There's very little pulse pounding about the adventure here, not to mention the romance, the latter easily summed up as Alexandra telling Dapes that she wasn't some idealised lover for him to carry away from all this in his big strong arms because she has other, more independent paths to travel herself; she likes being in Havana no matter how dangerous it is getting and if that's a mistake it's hers to make. As for the former, there were certainly sequences where bullets flew and people shouted and ran and explosions were set off, but Lester kept a watchful distance from this, even ironically noting at points that simple one man against an army fearlessness isn't going to count for much in the confusion of actual conflict, and that included random terrorist activity.
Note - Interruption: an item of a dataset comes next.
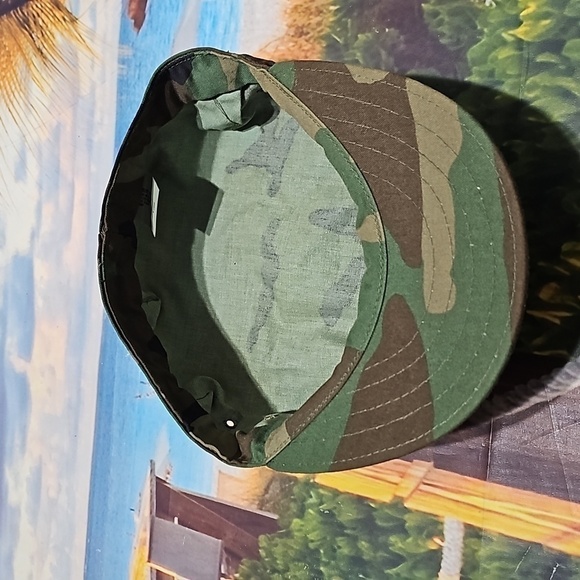Vintage Camo Hat Cap‎ with Brim Army Marines XL - Picture 4 of 8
There's a particularly grim scene where a genteel dinner party of the Havanan rich and powerful is brutally interrupted by machine gun-toting rebels who lay waste to about half of them before rushing off as quickly as they arrived. Dapes isn't even in the building when this happens, and shows up after it's over, trying to help and finding the survivors more interested in themselves than the other injured. The question about whether this was pro- or anti-Castro and the revolution could be summed up in this in that basically you could read it either way as the characters seem weirdly reluctant to engage with the issues, as if in denial about the massive upheaval fast encroaching on their lives, and this narrative neutrality could be another reason few got on with the film at the time. There's also a strange, distant mood where the settings seem to be curiously empty even when there are people around, as if reflecting their mindset and anyone trying to embark on a meaningful connection is doomed to chaos. Music by Patrick Williams.